Maybe it’s ok to not have sex at a sex party

I sat on a bar stool, my blonde, hair-sprayed hair falling into my eyes, feeling slightly swimmy from my fourth gin and tonic.

The lights were dim. Cabaret music swirled, and flashes of nipples, sequins, and chest hair were intermittently visible when I glanced up through my mascara-ed eyelashes.

Colourful tinsel

I wasn’t watching the cabaret. Instead, I was scribbling on a small slip of paper.

It was a ‘flirt slip’, placed there by the party staff to facilitate the attendees making… connections with one another. Very kind. I had never used one before. It had taken me quite a while to even realise they were there and pick one up.

“Hmm. Let’s have a look…” said the handsome man next to me, peering over my shoulder.

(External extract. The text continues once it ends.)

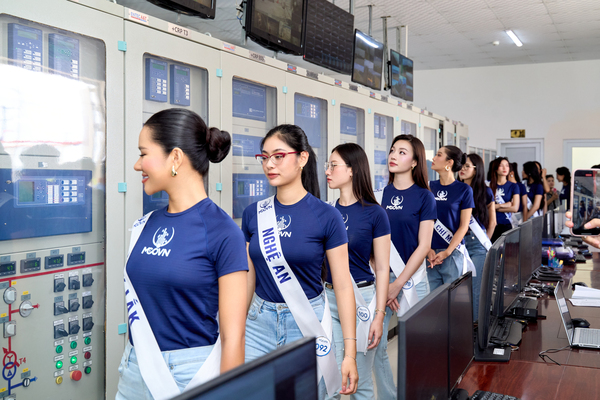 THÍ SINH TOP 45 HOA HẬU HOÀN VŨ VIỆT NAM THĂM CÁNH ĐỒNG SOLAR.jpg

It wasn’t totally rude or anything. We’d been making polite chit-chat a little while ago and established a friendly rapport, which is why we were now sharing a small bar table. His partner was sitting opposite us both; she had a loud shrill laugh, and bright red lipstick. I was vaguely aware of her watching me painfully concentrating on channeling my wonderful personality and sensual desirability on the small, pink slip of paper.

I let the man lean past my shoulder and read what I had written.

The pink slip now said:

You’re cute. Come and have a drink with me?

I added my name at the bottom. Considered adding a smiley face, but decided No. That’s dumb.

I mean, it’s already dumb.

The note was in lurid purple felt-tip, which was all I could find on the table. I didn’t have another pen on me, not totally unexpectedly, at this queer, vintage-costume sex-party. (Actually I didn’t even have a handbag on me). The whole note thing did all feel a bit primary school, though.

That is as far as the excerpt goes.